Recent developments in technology allow the design of miniaturized devices with sophisticated control systems. But still it is a challenge to detect what movement the patient desires to make and to transfer the signal proportionally into muscle force.

One crucial point is signal processing of biosignals that are recorded from brain and muscle activity to get a reliable and reproducible proportional command signal.

Currently, another limiting point are the electrodes because the correlation between stimulation and muscle force is difficult to predict. One major problem here is also fatigue which is a main issue in all FES applications.

At present, implanted systems use either batteries, disposable or rechargeable, or external AC power as power supply. Currently it is investigated whether biothermal power sources which use small temperature gradients in the body to create electrical power could make body powered implants possible (Biophan Technologies of West Henrietta).

Today the majority of spinal cord-injured subjects has an incomplete lesion. Consequently, there is a need for modular programmable systems that can be adapted to individual situations. FES with surface electrodes can be problematic for subjects with incomplete SCI, because when the sensory function is still intact the electrical field can evoke sensations of pain already at low stimulation intensities where only low muscle forces are generated.
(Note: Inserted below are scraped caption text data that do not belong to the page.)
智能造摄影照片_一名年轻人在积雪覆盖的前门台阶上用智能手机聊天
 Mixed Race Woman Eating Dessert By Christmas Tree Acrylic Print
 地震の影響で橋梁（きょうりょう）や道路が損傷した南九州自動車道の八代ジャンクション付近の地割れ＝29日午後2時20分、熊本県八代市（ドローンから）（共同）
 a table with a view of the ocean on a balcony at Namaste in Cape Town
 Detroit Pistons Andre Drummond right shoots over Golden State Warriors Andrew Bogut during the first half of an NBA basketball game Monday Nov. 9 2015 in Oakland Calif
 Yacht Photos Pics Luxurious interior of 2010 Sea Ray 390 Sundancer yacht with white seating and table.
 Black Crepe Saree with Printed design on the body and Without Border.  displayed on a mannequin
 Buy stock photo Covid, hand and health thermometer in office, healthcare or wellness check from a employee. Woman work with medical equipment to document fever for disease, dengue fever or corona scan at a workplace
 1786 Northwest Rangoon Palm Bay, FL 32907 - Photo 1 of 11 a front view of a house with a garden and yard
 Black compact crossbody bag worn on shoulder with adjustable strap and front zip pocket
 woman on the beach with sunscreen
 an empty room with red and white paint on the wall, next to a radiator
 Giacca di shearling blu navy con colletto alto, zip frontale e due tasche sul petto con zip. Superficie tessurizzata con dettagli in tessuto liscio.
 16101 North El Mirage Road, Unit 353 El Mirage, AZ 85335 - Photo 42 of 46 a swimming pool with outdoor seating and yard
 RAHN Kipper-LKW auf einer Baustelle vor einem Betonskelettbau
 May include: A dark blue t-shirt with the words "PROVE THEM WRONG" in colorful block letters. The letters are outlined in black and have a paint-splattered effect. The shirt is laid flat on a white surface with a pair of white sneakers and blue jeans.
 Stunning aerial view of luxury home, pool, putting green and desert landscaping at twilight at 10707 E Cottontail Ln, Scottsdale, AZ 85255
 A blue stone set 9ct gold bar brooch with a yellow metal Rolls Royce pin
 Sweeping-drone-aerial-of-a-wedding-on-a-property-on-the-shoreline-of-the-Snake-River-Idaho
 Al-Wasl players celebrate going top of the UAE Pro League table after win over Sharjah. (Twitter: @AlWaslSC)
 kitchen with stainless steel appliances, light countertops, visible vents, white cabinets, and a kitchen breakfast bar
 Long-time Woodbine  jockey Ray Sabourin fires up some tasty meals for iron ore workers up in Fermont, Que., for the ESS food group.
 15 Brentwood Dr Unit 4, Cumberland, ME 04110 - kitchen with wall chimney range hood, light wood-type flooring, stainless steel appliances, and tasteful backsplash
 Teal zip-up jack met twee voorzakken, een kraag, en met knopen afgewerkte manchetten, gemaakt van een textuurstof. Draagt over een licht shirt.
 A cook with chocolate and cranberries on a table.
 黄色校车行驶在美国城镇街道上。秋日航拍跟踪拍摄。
More sophisticated systems will be available in the future, both external and implanted. Still besides technology also other personal factors have to be considered in the decision if a system is appropriate for an individual SCI subject or not. From a social point of view, patients should certainly not be dependent on using a neuroprosthesis for daily living. But each patient should have the freedom to choose using a neuroprosthesis for more independent daily living and self-responsible exercising for health and fitness.

Even if a cure of spinal cord injury should be possible in the future, those patients who have exercised their body and kept their musculoskeletal structures in shape will benefit first and most of it.